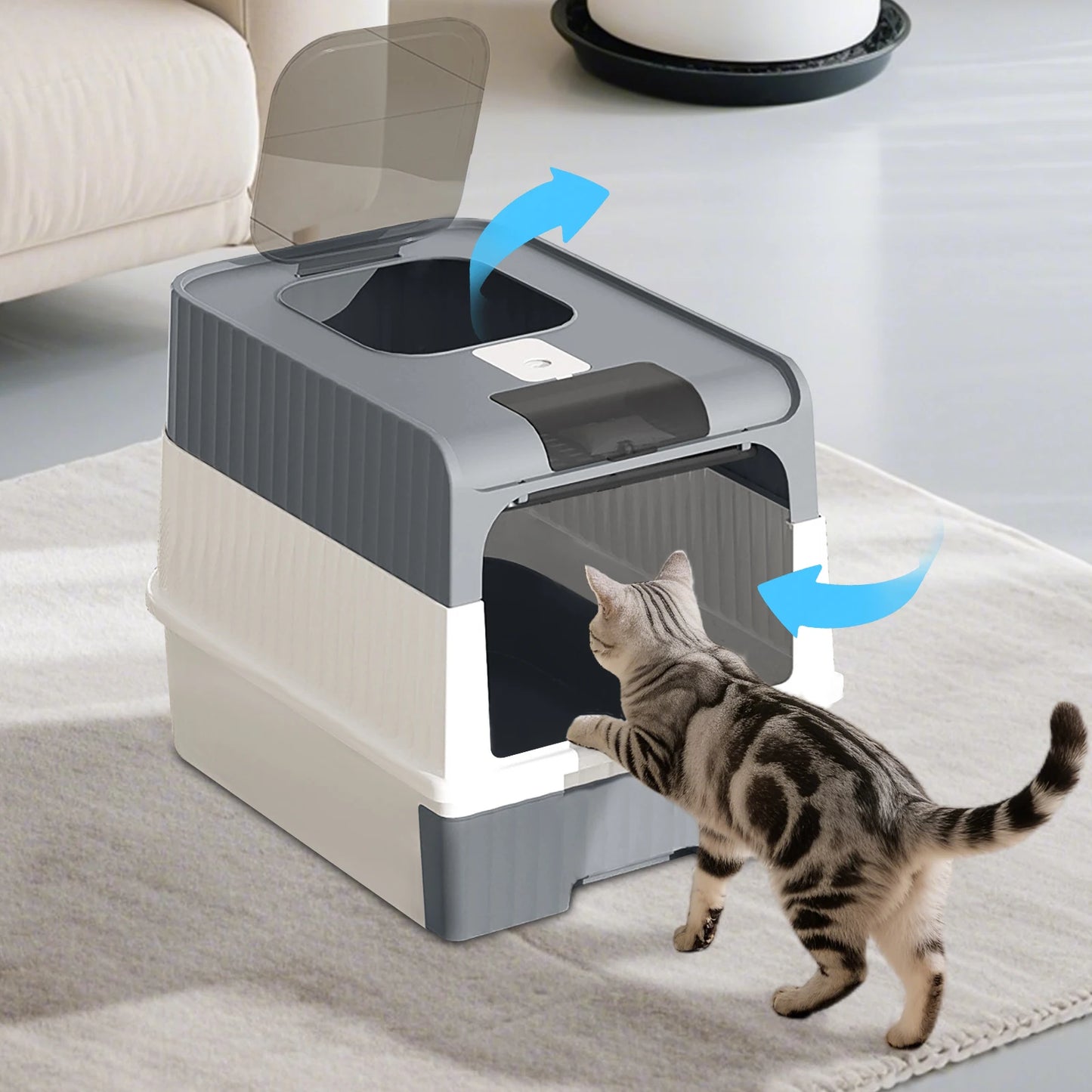 Enclosed Cat Litter Box Extra Large Anti Odor Anti Spill With Transparent Door Covered Cat Toilet Pet Cleaning Products For Cats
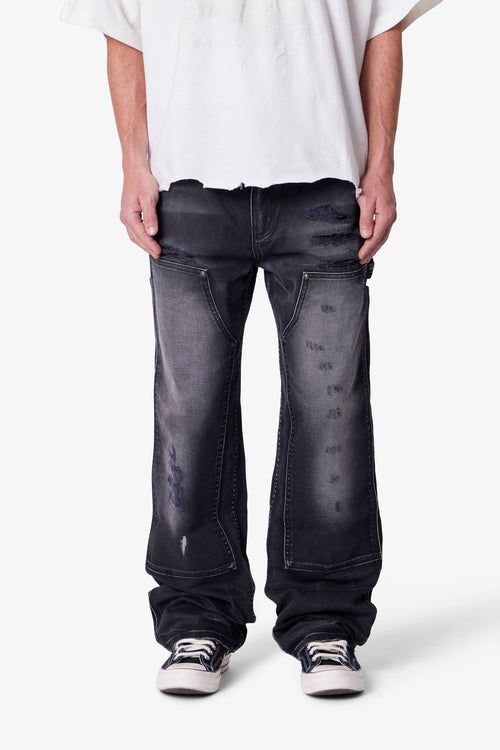 Faded Distressed Carpenter Pants - Black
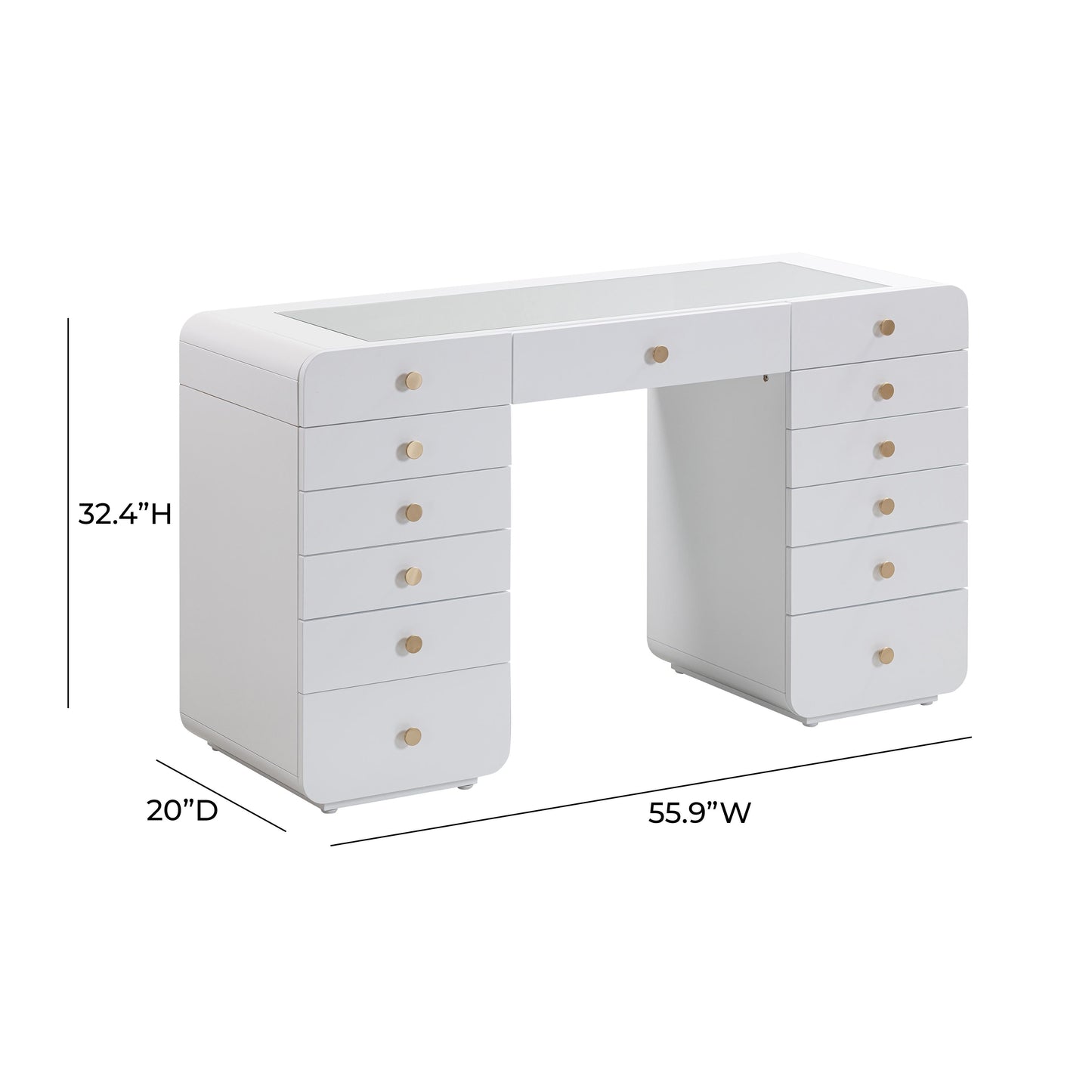 Hollywood 56 White 13 Drawer Desk With Vanity Mirror by TOV H54352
───
Reproduce the full listing faithfully, but do not carry over any pictures.

 Enclosed Cat Litter Box Extra Large Anti Odor Anti Spill With Transparent Door Covered Cat Toilet Pet Cleaning Products For Cats
 Faded Distressed Carpenter Pants - Black
 Hollywood 56 White 13 Drawer Desk With Vanity Mirror by TOV H54352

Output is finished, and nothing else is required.